Je viens d'apprendre qu'on est à examiner un amendement voulant que le projet de loi exige seulement un consentement passif, ce qui est évidemment encore pire. Certes, dans toutes les questions délicates de protection des renseignements personnels, mes collaborateurs et moi-même sommes depuis longtemps d'avis que seul un consentement explicite est valable. Je ne voudrais pas trop m'étendre là-dessus, toutefois, car je nourris beaucoup de réserves à l'égard du projet de loi dans son ensemble.

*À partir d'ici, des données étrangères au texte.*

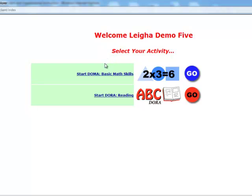You can choose whether you would like to start with DOMA, which is our math assessment, or DORA, which is our reading assessment. Whenever you are ready, just click on Go and you will be ready to begin.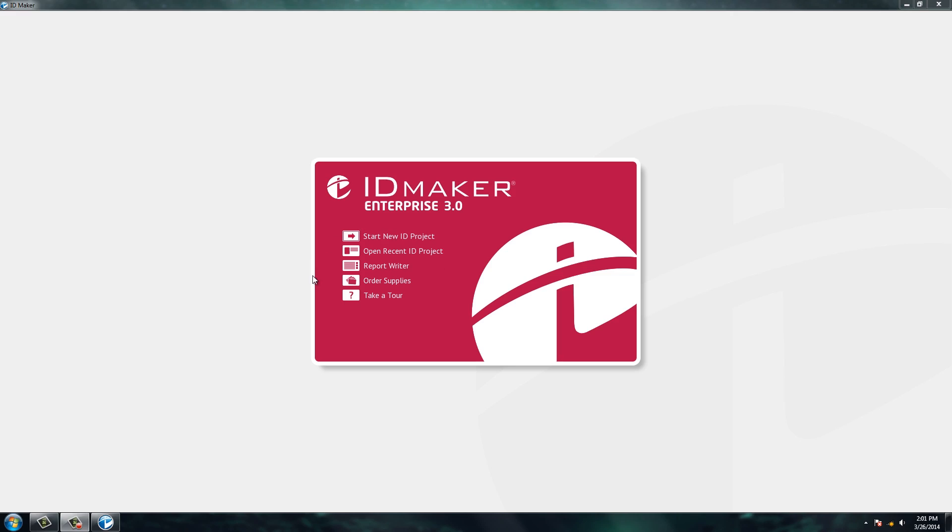This is the home screen that you come to when you open up the software. You can open a recent ID project if you already have a project going, write some reports, order supplies that will take you to our website, or you can take a tour of the software to see how it works.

Mes collaborateurs et moi-même appuyons le travail de Statistique Canada. Beaucoup de Canadiens inquiets nous ont souvent demandé s'ils devaient répondre et ce qu'ils devaient répondre aux questions importunes des recensements et autres enquêtes de Statistique Canada. Nous avons toujours été en mesure de leur assurer que le gouvernement s'était engagé à respecter la confidentialité de leurs réponses et que Statistique Canada avait toujours su protéger l'information confidentielle.

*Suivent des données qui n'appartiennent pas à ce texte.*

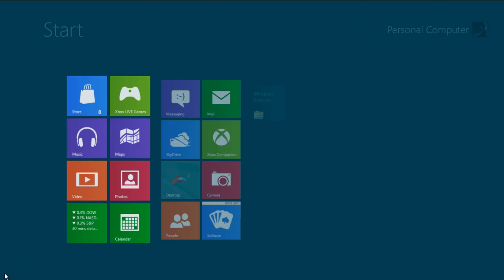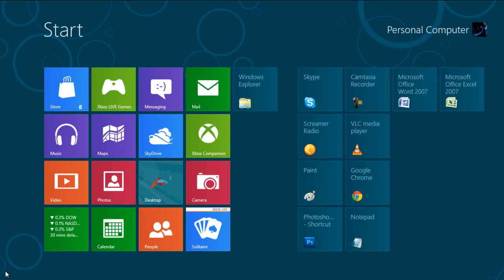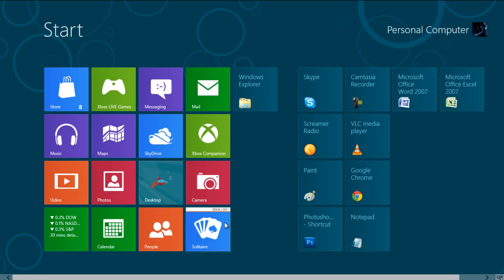First of all, open up the Start menu and click on any application to open it.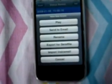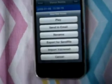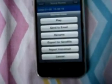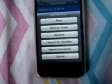There is one voice recording file in the Studio. I am going to play that one. It is showing several options: Play, Send to Email, Rename, Export to send file, Import Voicemail, and Cancel. I am going to select Play.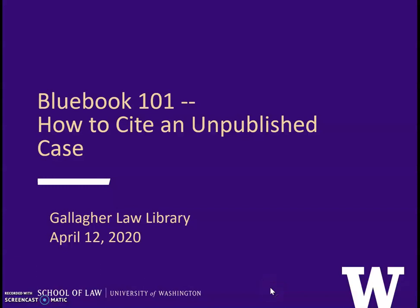Hi, this is Charlotte Doherty from the Gallagher Law Library with a presentation about how to cite unpublished cases.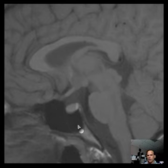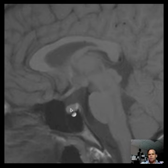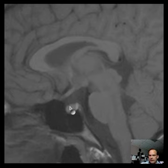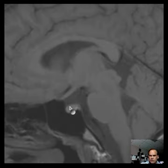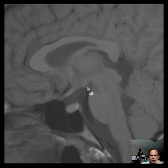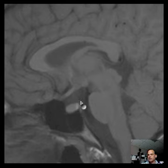Over here you have the sphenoid sinus — black, containing air, no signal. And here is the sella turcica, something like the camel's saddle, which contains the pituitary gland. Here is bone in the sella turcica, and there's the pituitary gland nicely demonstrated. The brighter signal is the posterior pituitary, and the less bright signal is the anterior pituitary. The hypothalamus is right around here and comes down via the pituitary infundibulum to modulate the pituitary.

Nous ne pourrons plus donner cette assurance si ce projet de loi est adopté tel quel.

Je suis prêt à répondre à vos questions.

Le sénateur Morin: Merci, monsieurRadwanski, pour des observations extrêmement pertinentes.

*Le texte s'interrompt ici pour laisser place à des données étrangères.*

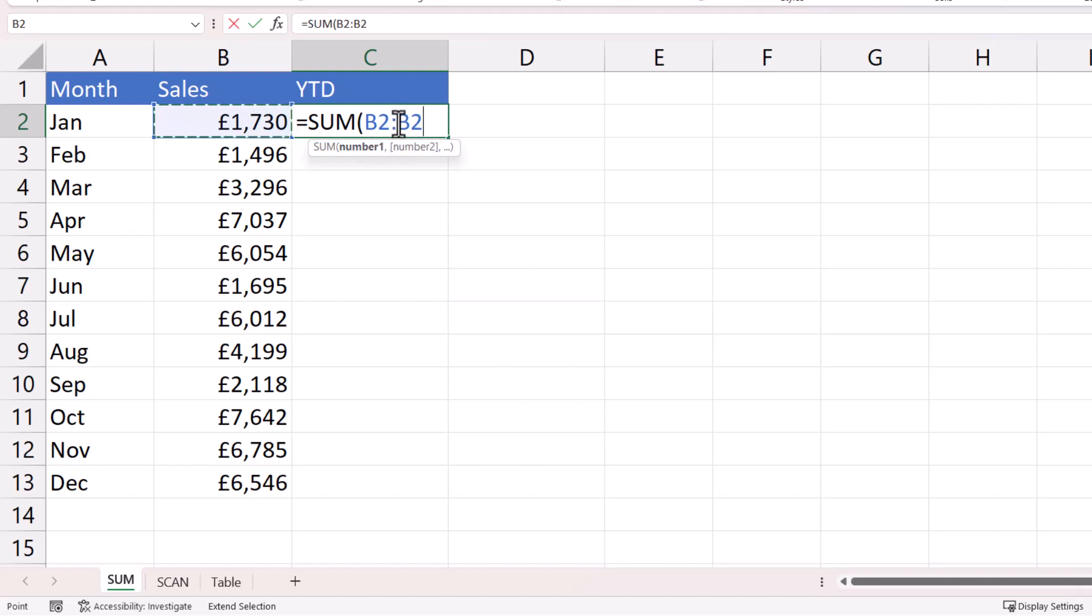Now the B2 to the right of the colon needs to change to B3, B4, B5 as we copy the formula down. But the B2 to the left of the colon needs to stay the same.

Avez-vous été consulté sur ce projet de loi avant aujourd'hui? Avez-vous déjà eu l'occasion auparavant d'exposer ces points très importants?

M. Radwanski: Avons-nous été consultés officiellement? Pas que je me souvienne, mais mon opinion a certes été rendue publique dès le départ. Il y a eu des discussions.

Je ne me souviens pas d'avoir été consulté, mais tout le monde savait que j'appuyais la position de compromis et que je contesterais toute loi qui ouvrirait un accès illimité à cette information.

Le sénateur Morin: On nous a dit que le projet de loi est en soi un compromis. Appuyez-vous le projet de loi comme compromis?

M. Radwanski: Non, j'appuie la position de compromis qui a été mise au point par mon prédécesseur et par Statistique Canada— et les Archives, je suppose— position qui veut qu'on mette les données des recensements à la disposition des personnes qui souhaitent mener des recherches généalogiques sur leur famille, de même qu'aux historiens sérieux qui mènent des recherches historiques jugées par les pairs.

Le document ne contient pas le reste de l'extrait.